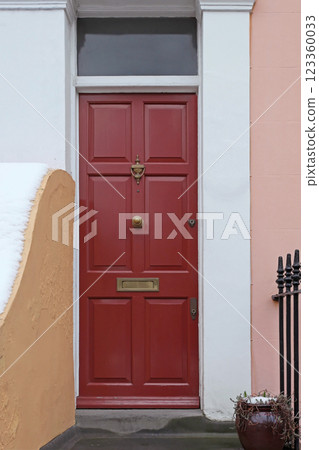 Closed red door 123360033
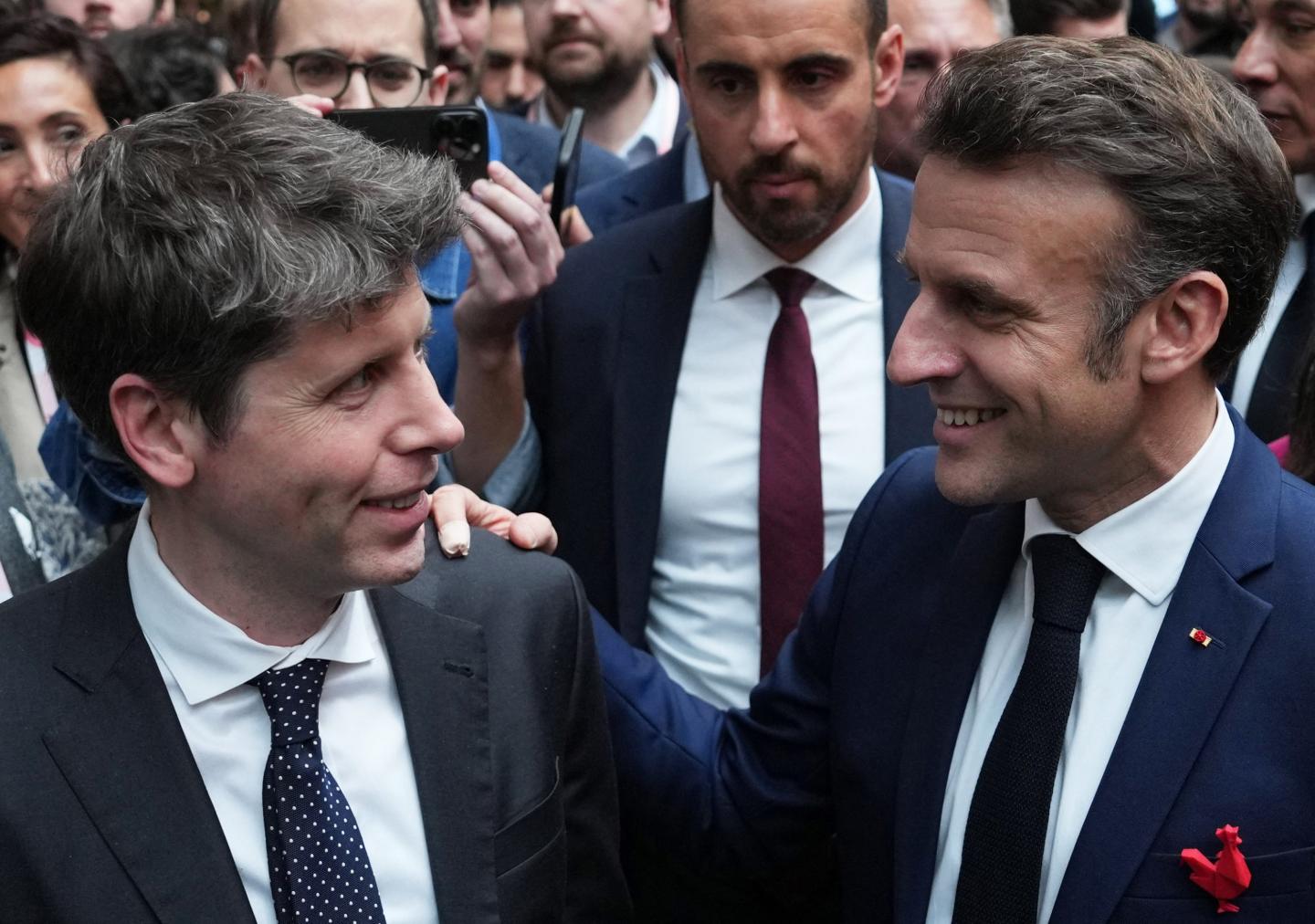 French President Emmanuel Macron speaks with Sam Altman, CEO of OpenAI.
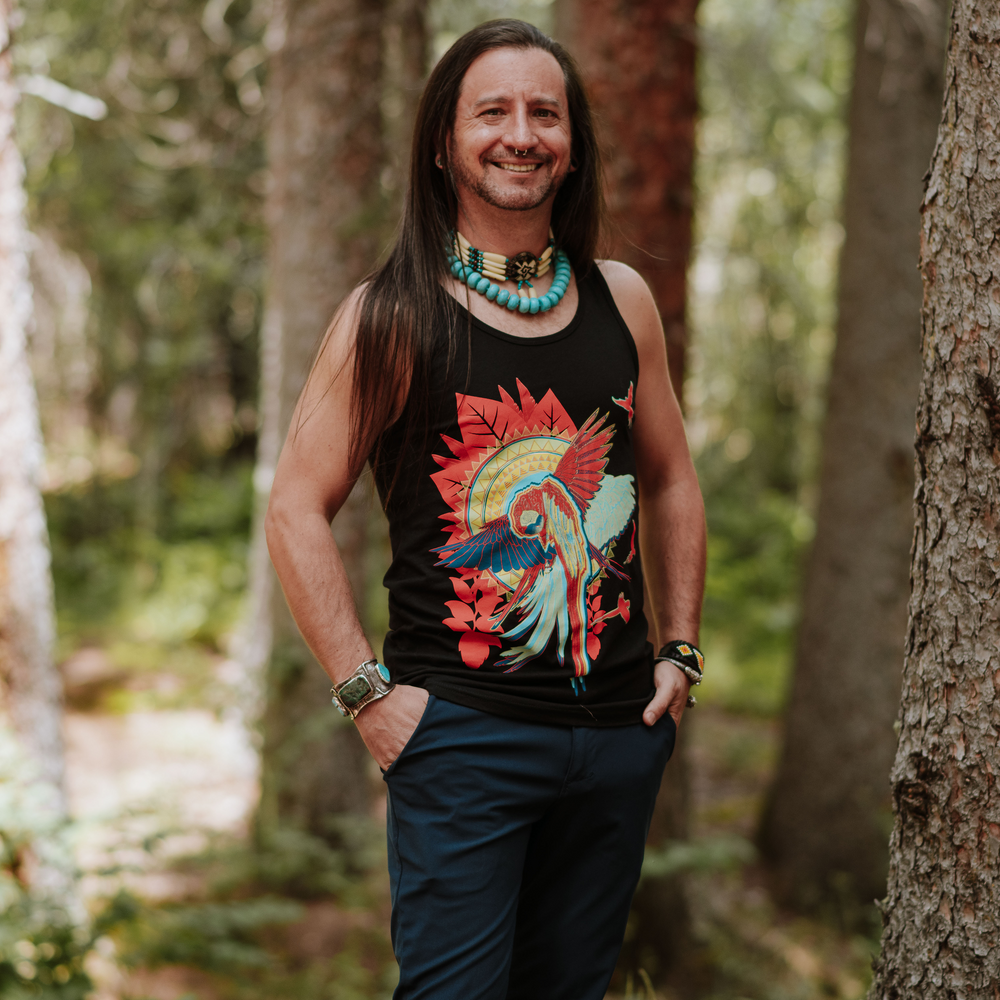 Non-binary person wearing a tank top with a colorful parrot design in a forest setting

★ ★ ★ ★ ★

TASK DESCRIPTION => Without including any pictures, print all of the material exactly as given.

ANSWER TO THIS EXERCISE =>
 Closed red door 123360033
 French President Emmanuel Macron speaks with Sam Altman, CEO of OpenAI.
 Non-binary person wearing a tank top with a colorful parrot design in a forest setting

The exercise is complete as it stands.